# Saved entries
☆ ☆ ☆ ☆ ☆ ☆ ☆
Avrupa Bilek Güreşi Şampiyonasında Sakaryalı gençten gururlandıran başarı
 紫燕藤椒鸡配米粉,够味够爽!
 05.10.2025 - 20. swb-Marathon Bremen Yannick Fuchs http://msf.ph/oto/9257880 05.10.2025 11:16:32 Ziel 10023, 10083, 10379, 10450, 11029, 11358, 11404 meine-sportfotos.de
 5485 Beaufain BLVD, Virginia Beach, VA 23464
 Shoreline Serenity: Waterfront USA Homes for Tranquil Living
☆ ☆ ☆ ☆ ☆ ☆ ☆
# Task goal
Print exactly the line containing "5485 Beaufain BLVD, Virginia Beach, VA 23464" and every line after it through the end of the records above, and nothing else.

# Answer space
 5485 Beaufain BLVD, Virginia Beach, VA 23464
 Shoreline Serenity: Waterfront USA Homes for Tranquil Living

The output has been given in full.